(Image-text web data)

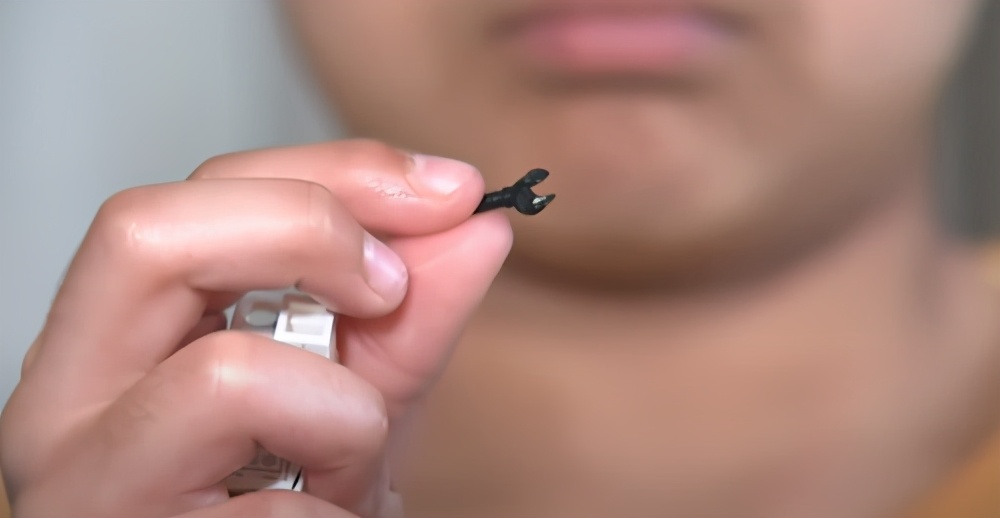 鼻窦炎抽出的脓图片(国外女子鼻子痛了37年) - 赤虎壹号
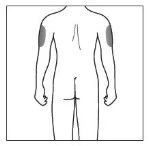 Schematic drawing of a man's torso viewed from the back, with two gray areas indicating injection sites on the upper arms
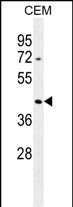 ACTBL3 (N-term)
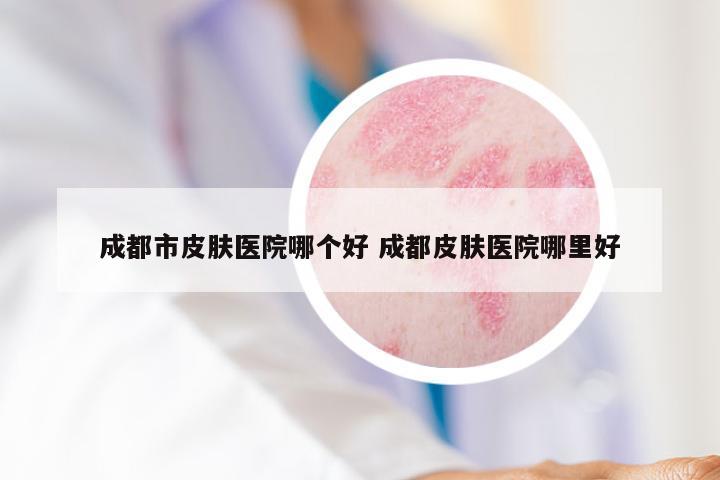 成都市皮肤医院哪个好 成都皮肤医院哪里好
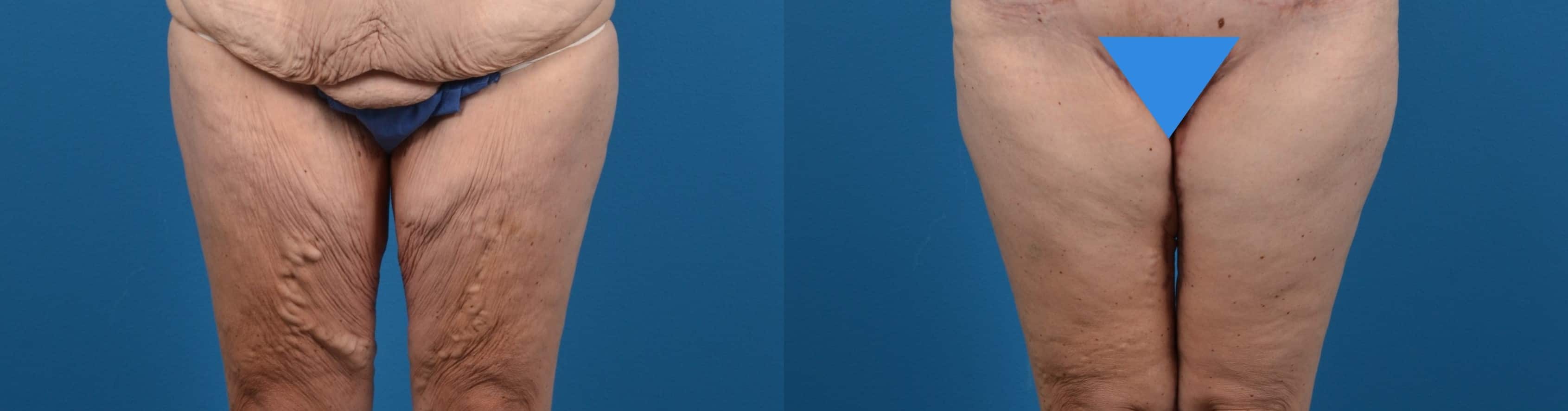 Hidden Thigh Lift Before & After Gallery - Patient 122594059 - Image 1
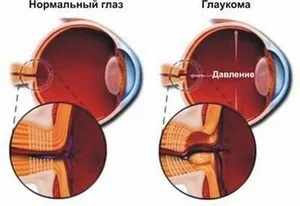 Очний тиск симптоми і лікування, як повинна бути норма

> [Task prompt]:
Please print the data above in its entirety, exactly, but without any picture.

> [Solution]:
 鼻窦炎抽出的脓图片(国外女子鼻子痛了37年) - 赤虎壹号
 Schematic drawing of a man's torso viewed from the back, with two gray areas indicating injection sites on the upper arms
 ACTBL3 (N-term)
 成都市皮肤医院哪个好 成都皮肤医院哪里好
 Hidden Thigh Lift Before & After Gallery - Patient 122594059 - Image 1
 Очний тиск симптоми і лікування, як повинна бути норма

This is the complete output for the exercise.